Out of nearly 700 entries in the H-E-B Primo Picks Quest for Texas Best, Cappadona Ranch of Linn and gourmet snack company Nuts and Cows of Mission will represent the Rio Grande Valley as local family businesses vying for $70,000 in cash prizes, and more importantly, placement on H-E-B’s shelves.

Local finalists handed out samples to customers at the south Second Street H-E-B on Thursday morning, celebrating their participation in this round. Their mesquite flour and pecan butter will compete against 23 other products Aug. 9-10 in Austin.

The annual competition highlights products “unique to our Texas traditions,” said Yvonne Loflin, H-E-B senior public affairs specialist. “What’s unique to our backyard, and that’s important.”

Participants recognize the opportunity as a path to a larger distribution, adding to their online, farmers’ market and event sales.

Both Cappadona Ranch and Nuts and Cows started in 2012 and take pride in using Texas ingredients.

Elizabeth Davis of Nuts and Cows was quick to remind that the pecan is the state tree of Texas.

Her all-natural pecan butter, with “no additives or chemicals,” is sugar-free, vegan and paleo-friendly.
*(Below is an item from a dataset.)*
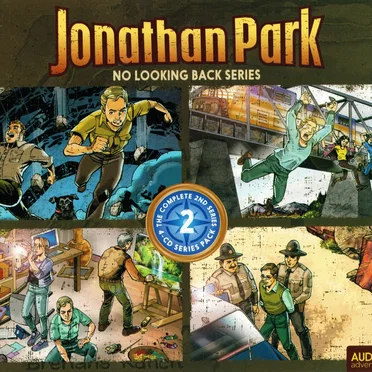 Jonathan Park: No Looking Back Series by Wise King Media - album cover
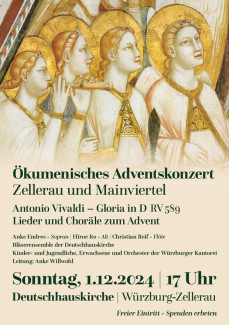 Ökumenisches Adventskonzert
She only uses Texas pecans and stressed the importance of supporting farmers, because small businesses should stick together, she said.
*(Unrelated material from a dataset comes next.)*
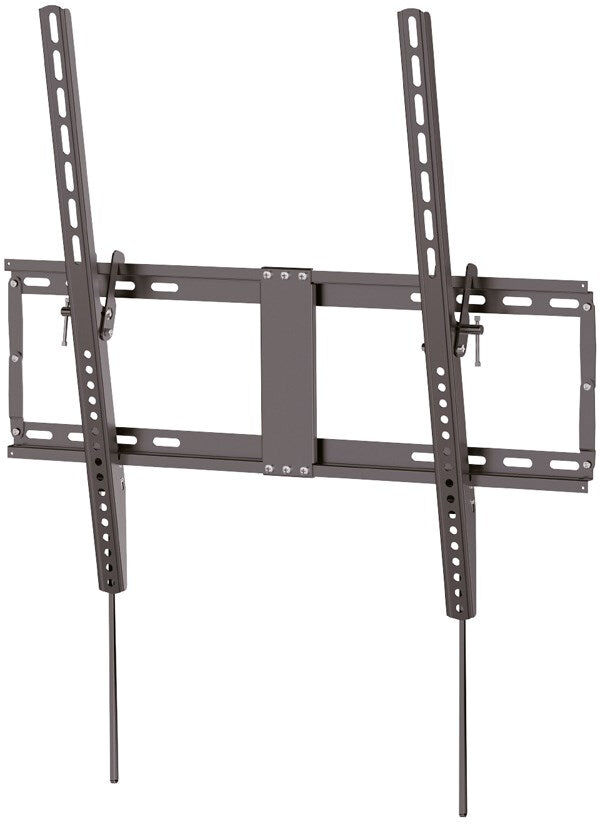 Vivanco TV Vægbeslag m. Vippefunktion til 80kg / 100" - Sort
“The pecan butter is sugar-free, containing 32 calories versus 95 calories, compared to a serving of peanut butter,” Davis told The Monitor in 2014. “Pecans are naturally high in antioxidants and low in calories. I always use raw pecans and a little kosher salt, but no oil.”

She started her business with pecan praline, “$89 and a farmers market,” as she says.

At the Cappadona Ranch in 2012, the only thing thriving were the mesquite trees.

“They looked like Christmas trees in July,” said Victoria Cappadona, the founder. There were “beautiful green, with yellow mesquite bean pods hanging” like ornaments.

Her father-in-law suggested making jelly with the beans. She harvested them with her kids and husband, testing recipes for days.

Mesquite meal was part of the native diet, she said, adding that bean-based flour is a healthy alternative to traditional flour — lower on the glycemic index and a natural sweetener, she said.

“There are so many native plants that can offer so much nutritional value to our community that we’ve gotten away from,” Cappadona said, such as nopal, cactus tuna, yucca and more.

Cappadona Ranch now makes coffee, tea, jelly and flour from mesquite beans. Nuts and Cows of Mission make pecan snacks and four flavors of pecan butter.

This was Cappadona’s third attempt entering H-E-B’s contest. She said the experience of working with the University of Texas Rio Grande Valley Small Business Development Center and winning a McAllen Chamber Innovation Grant helped get her over the hump.

H-E-B’s picks aren’t just products but “families and those traditions are what we want to bring to life,” Loflin said.

Local small businesses have access to resources like the University of Texas Rio Grande Valley Small Business Development Center, which works to prepare potential and current business owners.

The staff helps incubate ideas at various stages, sometimes helping businesses take advantage of “incentives provided by communities throughout the RGV to encourage economic development,” said Esperanza Delgado, UTRGV SBDC business training coordinator.

Training covers marketing, management, financial projections, payroll, compliance, human resources and digital media. Entrepreneurs work with advisers, “completely involved” at every step, she said.

“They do the work, because they really need to understand,” Delgado said.

Davis said she’s proud to have the chance and hopes her success is an inspiration for others.

“It’s important to show them how much we can do with little,” Davis said. “If I can do it, you can do it too.”